Introduction: method/technique

[Original recording] I’ve been thinking about how to represent The Grand Piano in this reading. One thought was simply to take a section and read it straight through with comments, build a structure out of it—like the concept of “reading out” I spoke about the other day at the Kelly Writers House event, using the text as a platform to make more text, more interpretation. I decided not to do that; rather, I decided to sample from the text and let the text do the work of commenting on itself. (If you want to experience the section that I would have read straight through, you can go to The Grand Piano part 4 and read that section.) I’ve done quite a lot of “reading out” of The Grand Piano; in Questions of Poetics there is a whole chapter on it. Even as the work was coming into focus, not yet complete, I was giving lectures on it—the whole process was entirely immodest.

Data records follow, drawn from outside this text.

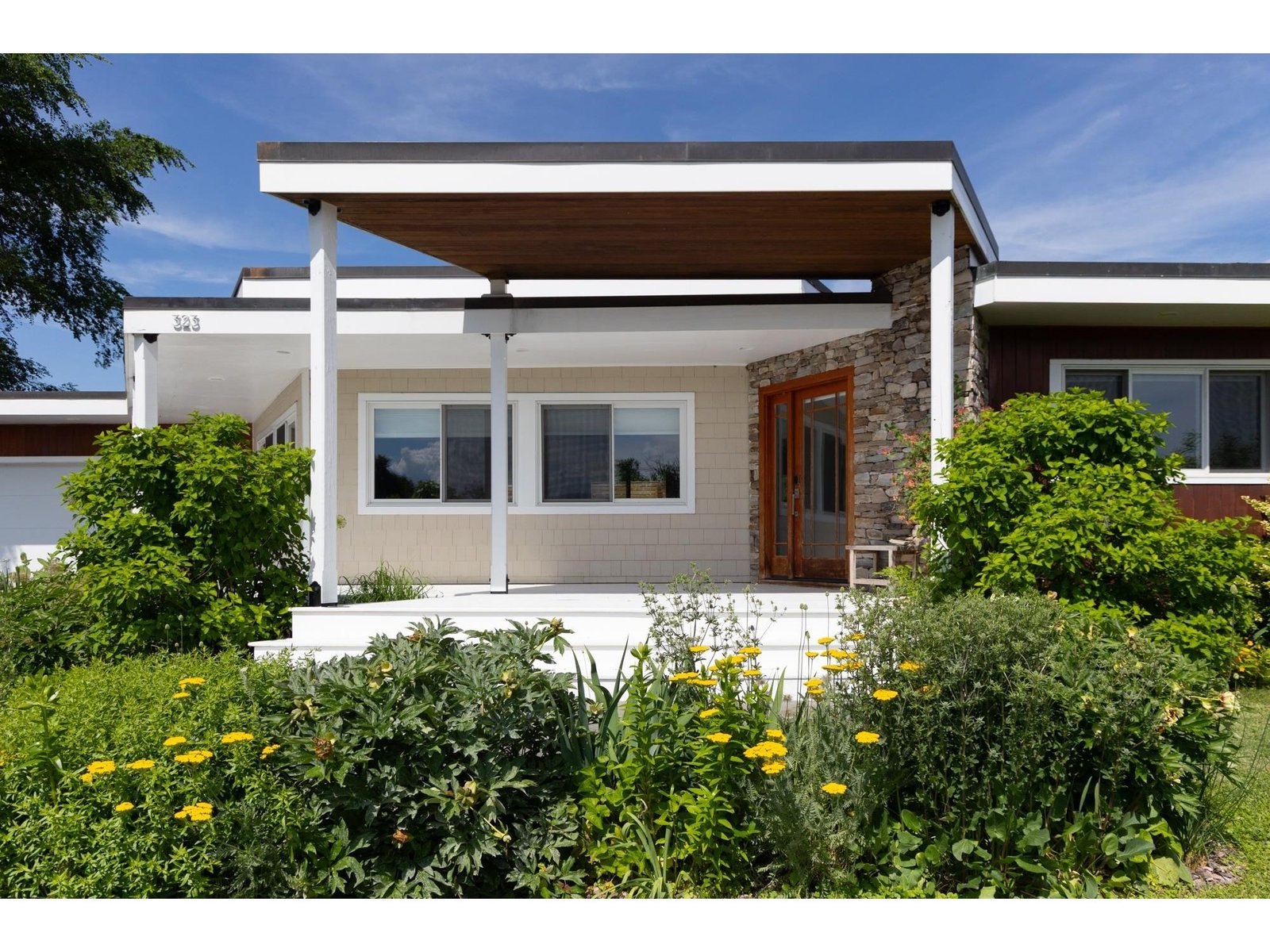 323 Buckingham Drive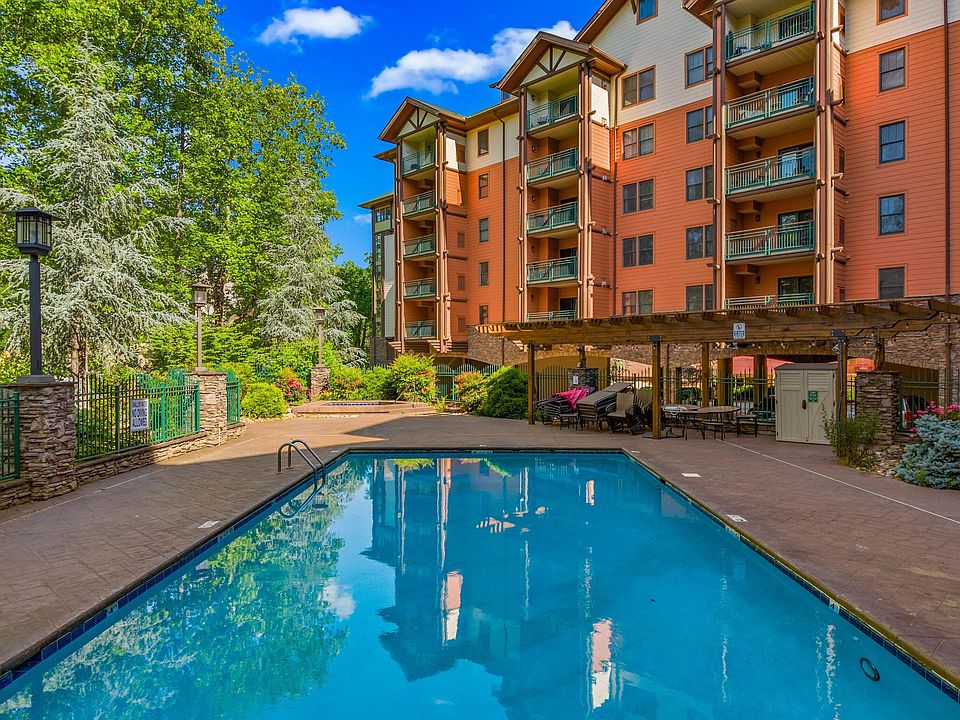 1st image of 215 Woliss Ln #103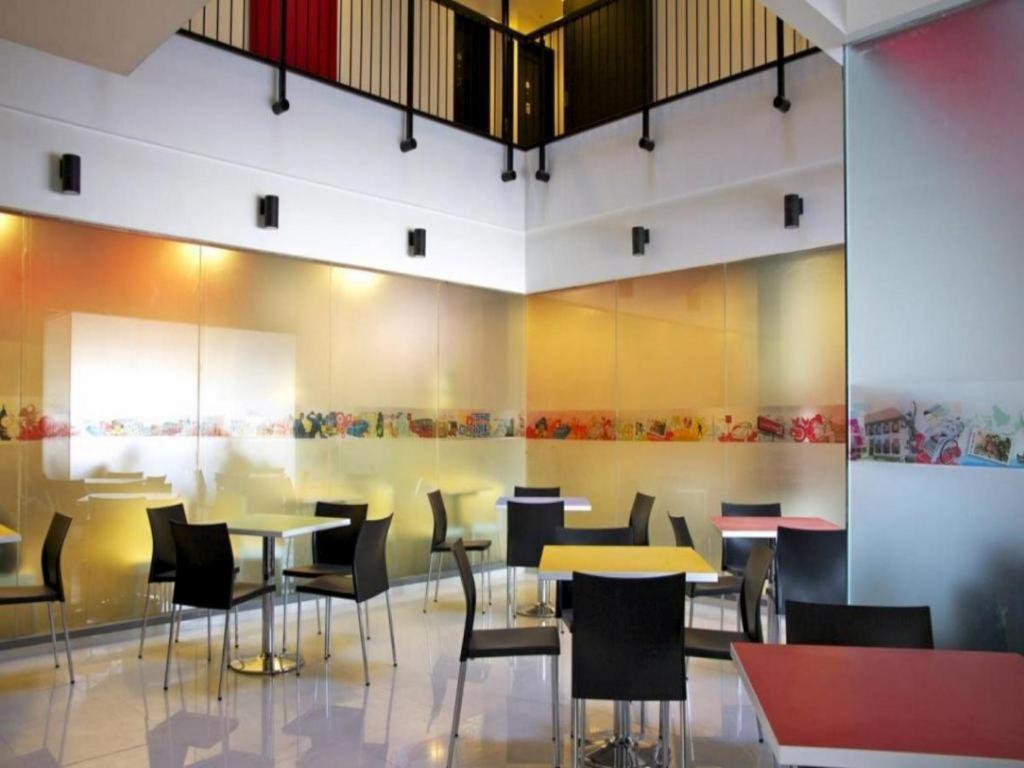 Amaris Hotel Амбон Экстерьер фото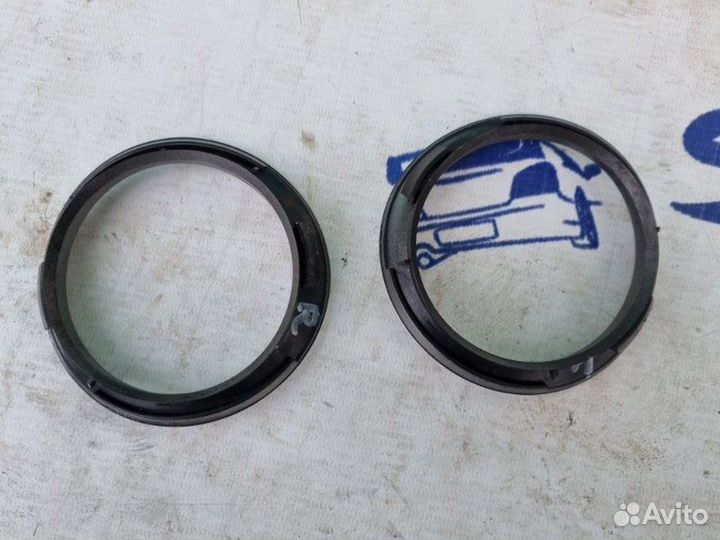 Накладка торпеды передняя Subaru Impreza GDA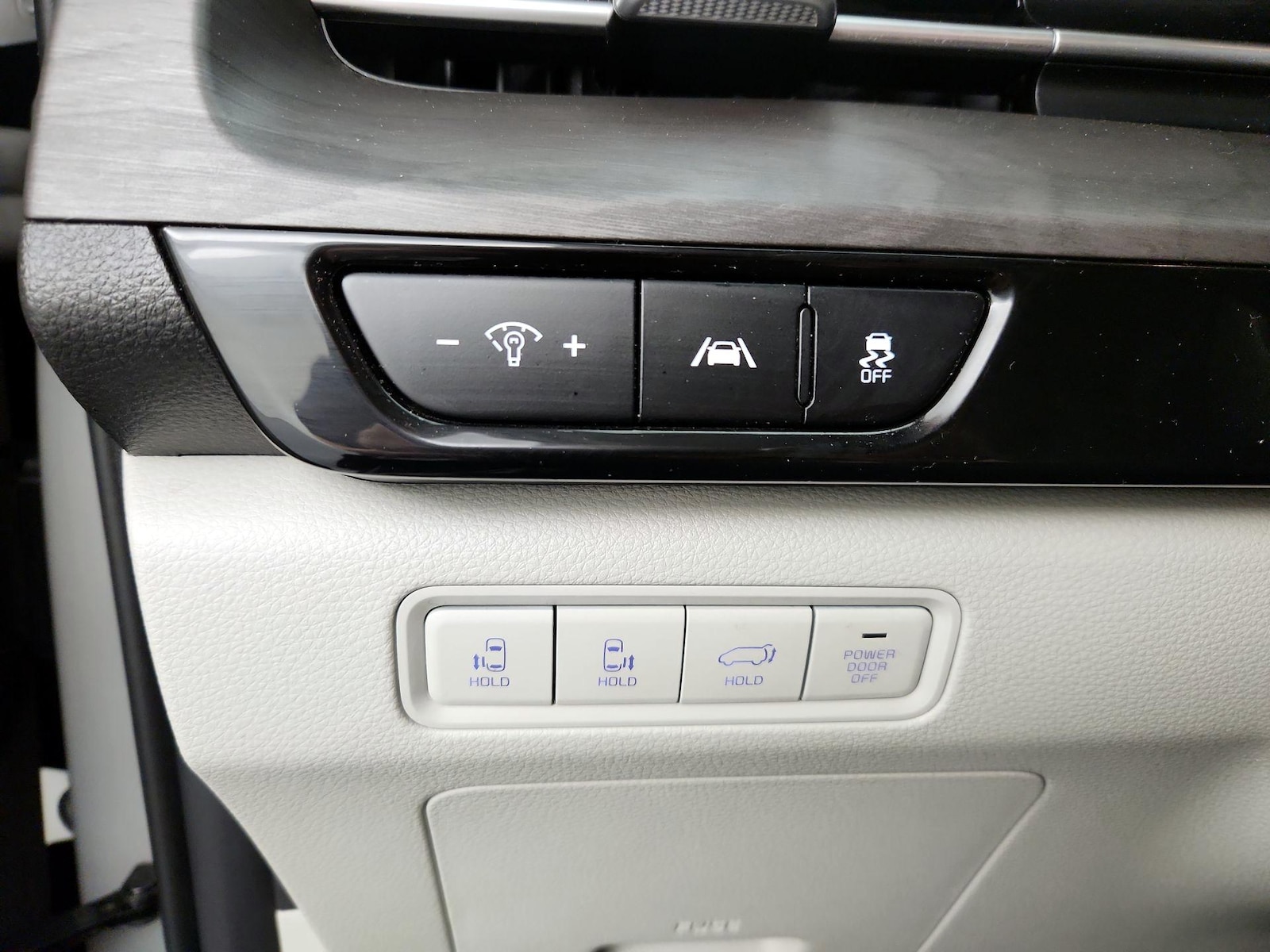 2024 Kia Carnival EX - Photo 14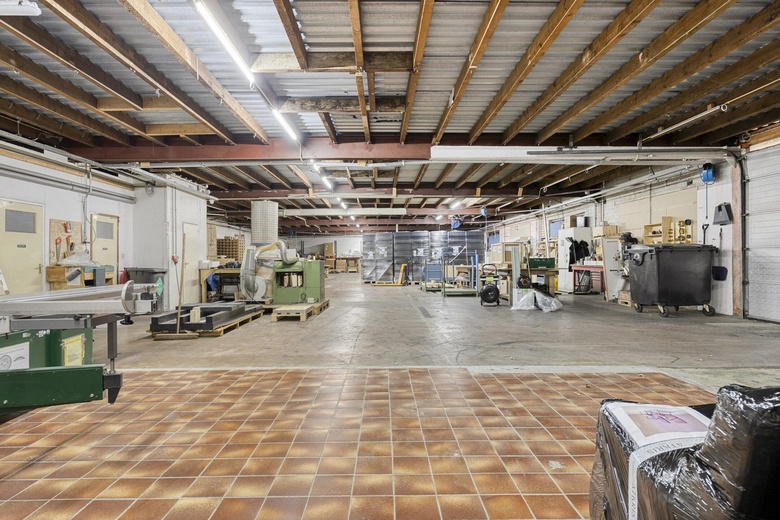 BedrijfsruimteaanSchouwslootweg 7<br/> inWaalwijk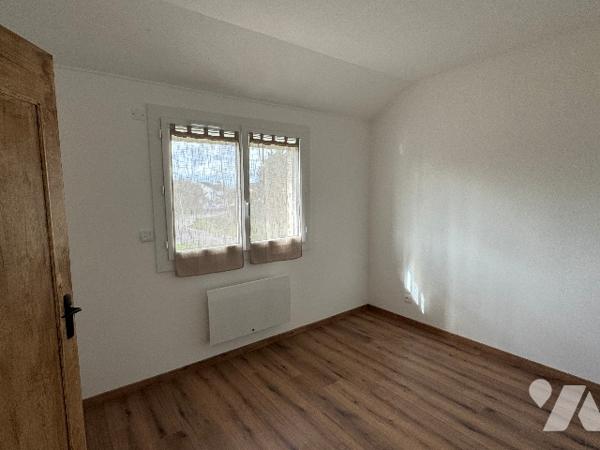 Pavillon de type 4 à vendre à Saint-Parres-aux--Tertres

What I came up in my chapter still interests me: what is going on in our nonnarrative history with beginnings, middles, and ends—because in the way we wrote The Grand Piano we were disrupting any idea of a beginning and a middle and an end. I started looking at beginnings and where they were in the text. They are all over the place; in the last volume there are beginnings; they are distributed throughout. Beginnings are often associated with opening up a book—the first time we read a poem by by Zukofsky, or by Creeley, or by Gertrude Stein: the light dawned early. Beginnings could also be the first time meeting someone; notable readings or performances; events at the Grand Piano or other venues. Middles would be the site of the Grand Piano itself and the writing scene more broadly, the swirl of events we were in; it could also be our writing and reflecting on those events. But what counts as ends? At the time there was a lot of anxiety about how to end The Grand Piano, since it was open-ended. Obviously it had to end; we had decided to do ten volumes. What were its ends?

I wanted to rethink these categories. The other day in my talk on Larry Eigner at EMU I mentioned Bruno Latour’s Actor-Network-Theory, which could apply to The Grand Piano as well as to the work of Eigner. I was thinking, beginnings could be akin to “actor”: where there’s an agent of some kind. And middles could be a “network”: the social mix, mediation of all kinds, the imagined community. Writing The Grand Piano online was clearly a “network.” And then “theory”—end and “theory” might have an interesting relationship. The end of the project may not be a narrative end; it might be a theoretical ”upgrade” or advancement where one starts on a level plane of experience and makes theoretical claims for it.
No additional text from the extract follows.